Personal Writing

Stay present; stay alert

Warning: long (somewhat rambling, relatively angry and definitely political) post ahead.

I have to begin with a preface, which I hate to do, but must needs:

I am in an unbelievably privileged position to weather this global pandemic. My husband and I are both receiving paychecks while working from home, regardless how many hours we are literally working (a lot, actually!), and no one is checking in to demand our time sheets, which we’ve never had to keep or report. Our jobs are more than relatively safe for the foreseeable future. We’re both healthy. Our families are all healthy. We can pay our bills, in part because of our income but also because we live way below our means. We’re eating and sleeping well. We have been able to support a number of our favorite local, independent restaurants and shops as well as many of the nonprofits that matter to us. We’ve appreciated this time and taken good advantage of being sequestered at home together. In short, this has been a period of personal renewal for me, and I am trying to be grateful for that while also staying very present to the absolute quagmire the pandemic is creating for so much of the world, today and going forward.

But I also think there’s something else going on here, and this recent Medium article by Julio Vincent Gambuto about the inevitable gaslighting that will come after this period of social isolation is over helped articulate it for me. What do we want to “go back to” when this is all over, assuming it is ever all over?

It’s this notion of Capitalism’s, and by extension our own conscious and unconscious movement through our world, driving, almost tsunami–force pressure to buy and acquire and possess and accumulate and compile and spend and upgrade and throw away and…

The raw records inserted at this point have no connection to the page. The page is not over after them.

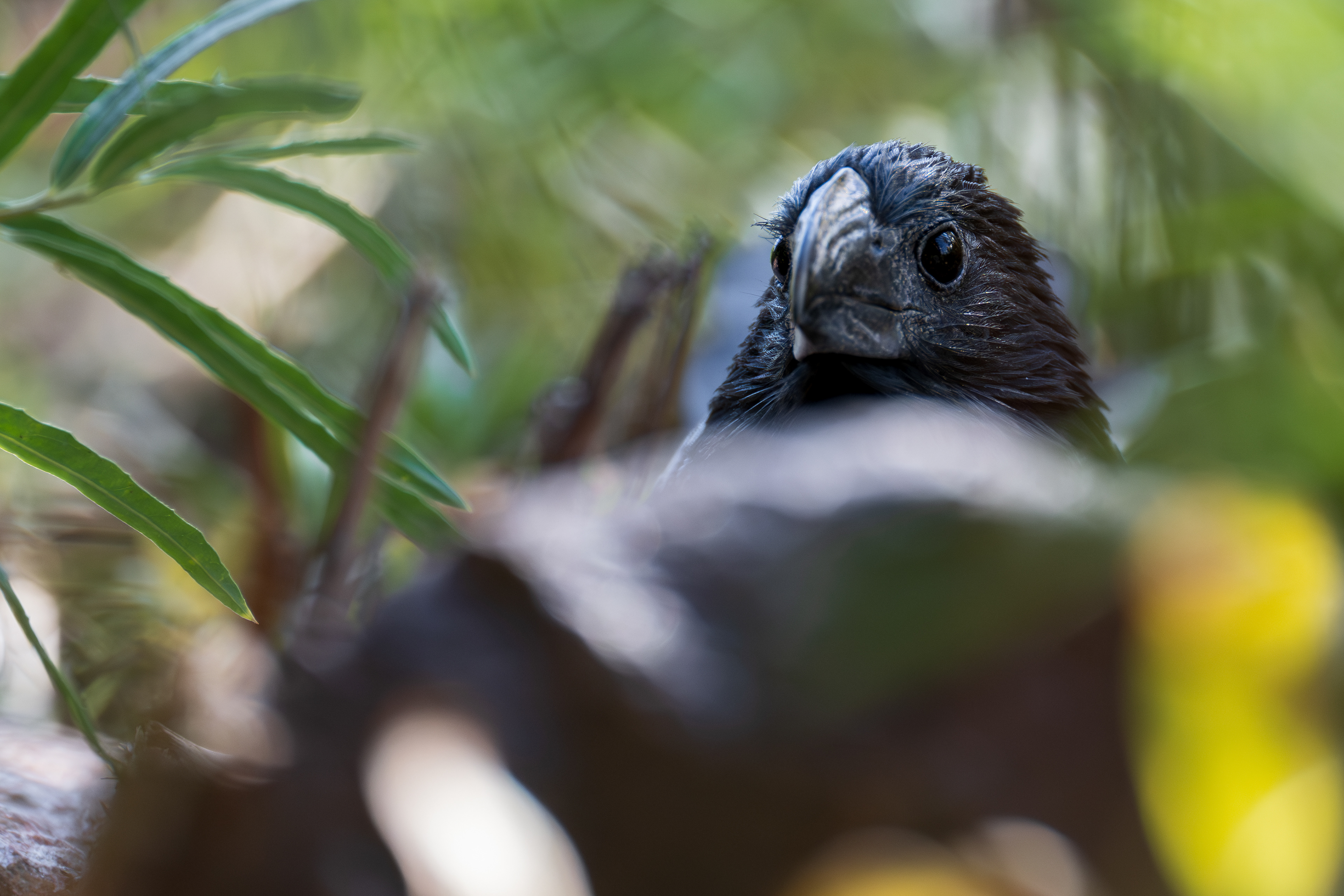 Groove-billed Ani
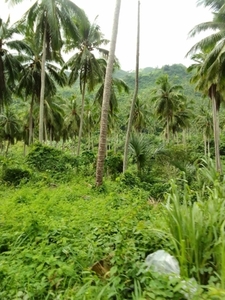 Lot For Sale In San Narciso, Quezon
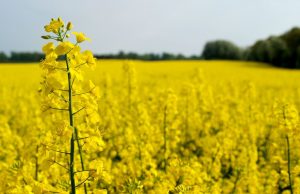Експорт сої і рапсу заблокований: ВАР вимагає негайних дій від уряду
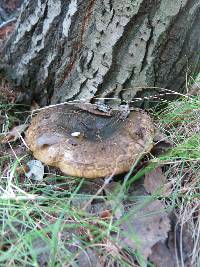 Lactarius turpis image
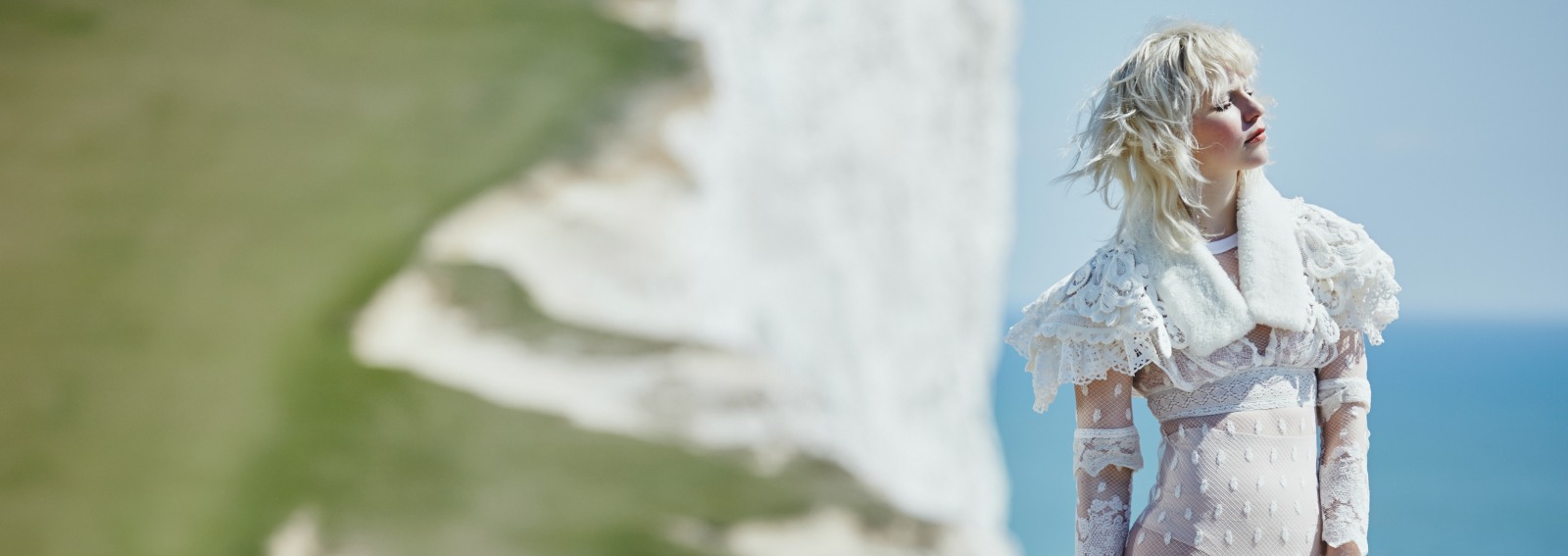 cover ornamental summer desktop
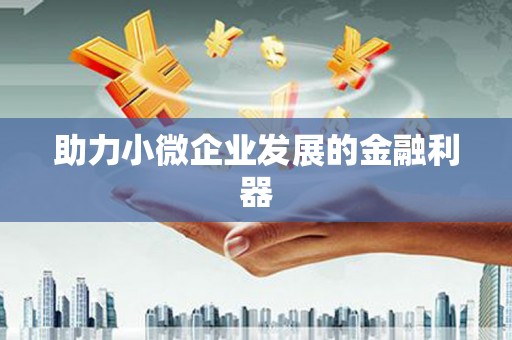 秀屿助力小微企业发展的金融利器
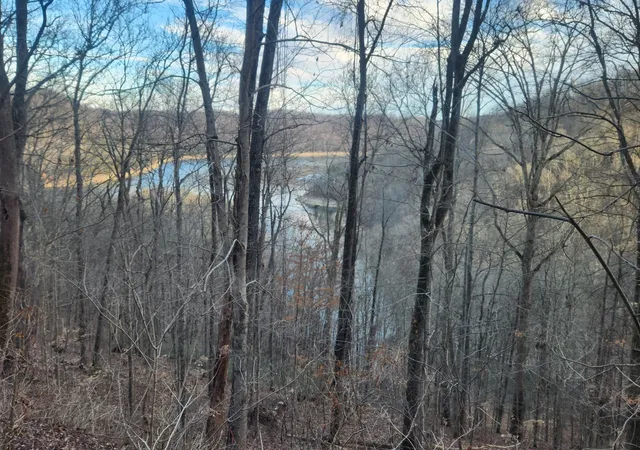 Photo 1 of Land for sale at 1 Antler Dr, Smithville, TN 37166 | MLS# 3015266 | Listing updated on 2026-06-04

“Billions of dollars will be spent on advertising, messaging, and television and media content to make you feel comfortable again. It will come in the traditional forms — a billboard here, a hundred commercials there — and in new-media forms: a 2020–2021 generation of memes to remind you that what you want again is normalcy.”

Normalcy.

For much of the world, normalcy, pre-Covid-19, was about wearing their meager amount of clothes until they wear out and sometimes well past that point. Inheriting their older siblings’ outgrown shoes and coats, regardless their state. There is no back to school shopping, and that’s for the lucky kids who even get to go to school. A recent UNESCO study shows that a whopping 264 million children across the planet don’t have access to any school. We can pretty well bet they aren’t getting new clothes then.

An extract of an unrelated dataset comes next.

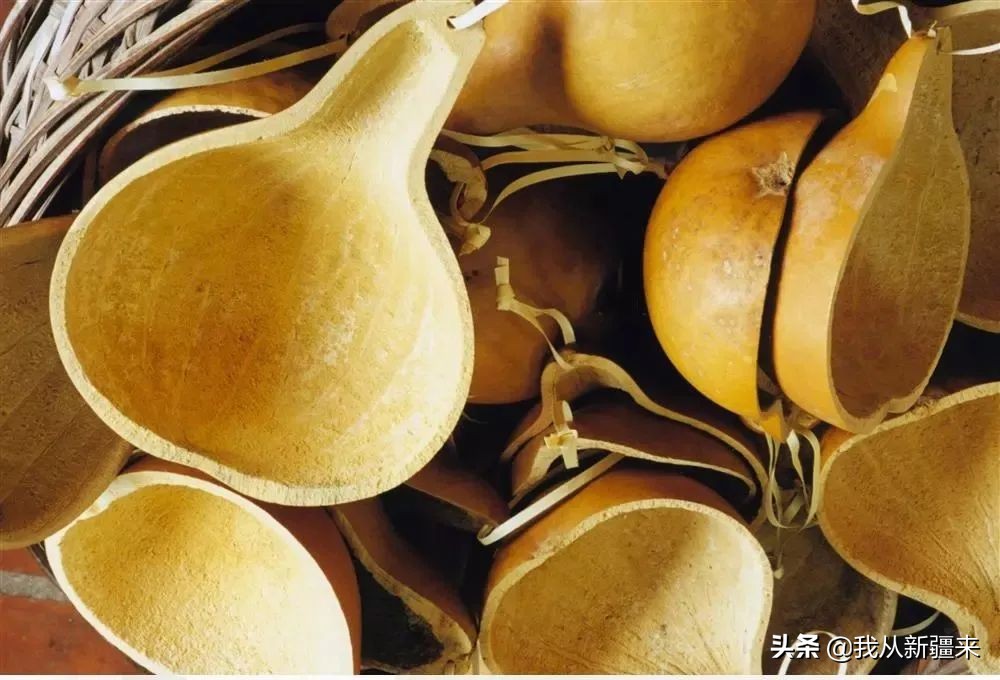 生活能手小葫芦，是*疆新**艺术的“灵感缪斯”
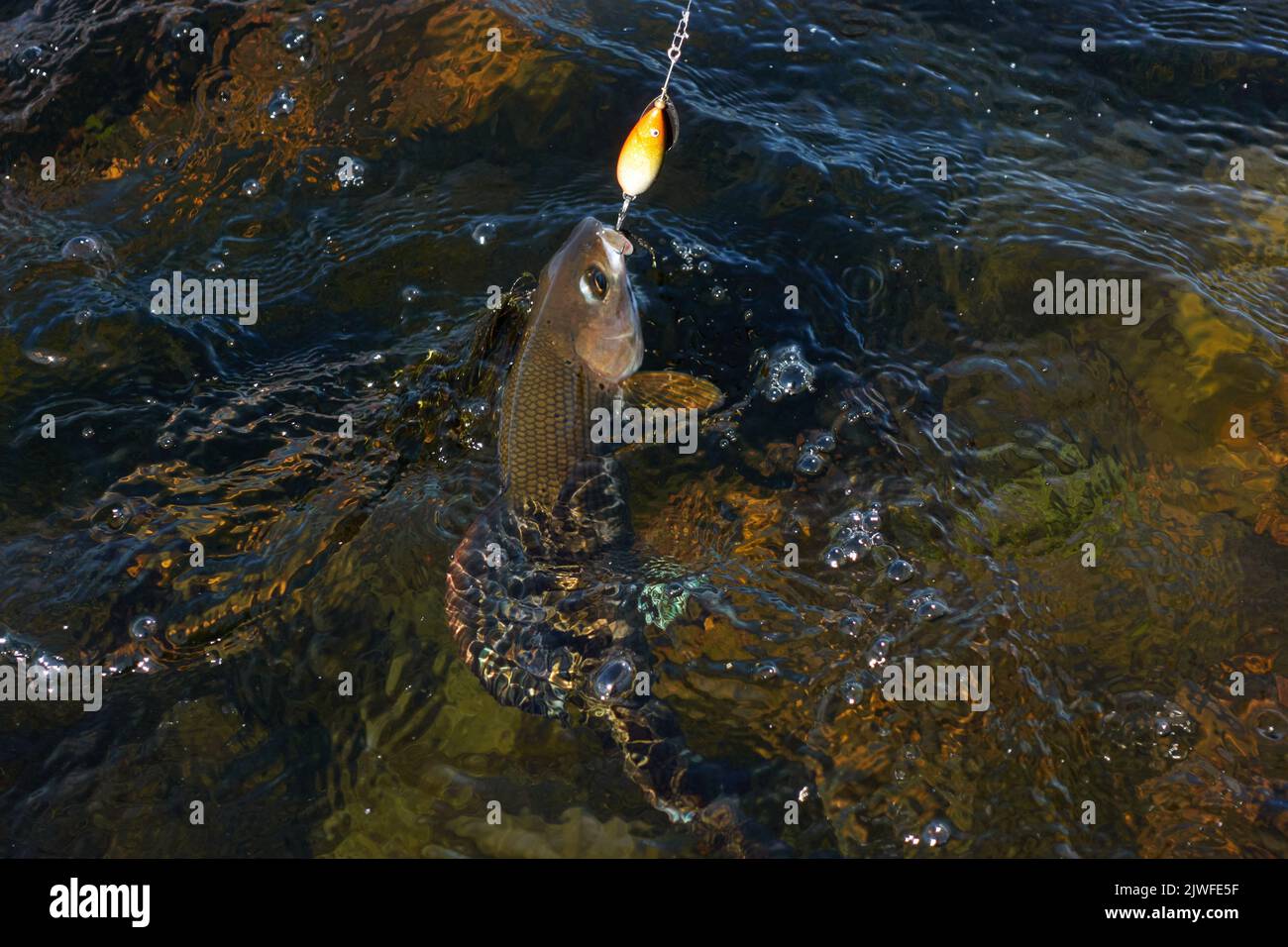 Grayling caught and hooked from the Arctic river with spinner lure by fisherman in Lapland in Sweden in Kiruna in August 2021. Stock Photo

And there’s the problem of access to food. Jason Hickel notes in this 2019 article in Foreign Policy, if nothing is done, “According to warnings from NASA, intensive droughts could turn the American plains and the Southwest into a giant dust bowl. Today all of these regions are reliable sources of food. Without urgent climate action, that will change.”

Then what about access to healthcare? Fair wages? Crippling college debt for those fortunate to go to college? Dignified employment? Catastrophic climate change? Corrupt and criminal governments and leaders? Border control? The gender pay gap and #MeToo? Racial, sexual, religious and ability discrimination?

What if we believed climate scientists have a better understanding of the climate than television pundits who are invested in theatrics (this one hurts!) and ratings? What if we paid teachers excellent salaries to do the work that many of us have been pulling our hair out over these past few weeks for our single most precious resource..our children? What if war wasn’t so profitable? What about our ridiculous adherence to the second amendment? Seriously?!?!? What if we stopped privatizing prisons so that people don’t get rich off the backs of petty criminals, the staggering percentage of whom are men of color? What if we actually separated church and state?

Normalcy.

Do we really want to return to all of that? Are we, as highly privileged Americans, really so blind and numb to all that was wrong with before that we will, like lemmings on a cliff, jump right back into what is surely the continuing death of our individual and collective humanity not to mention an enormous amount of the natural world?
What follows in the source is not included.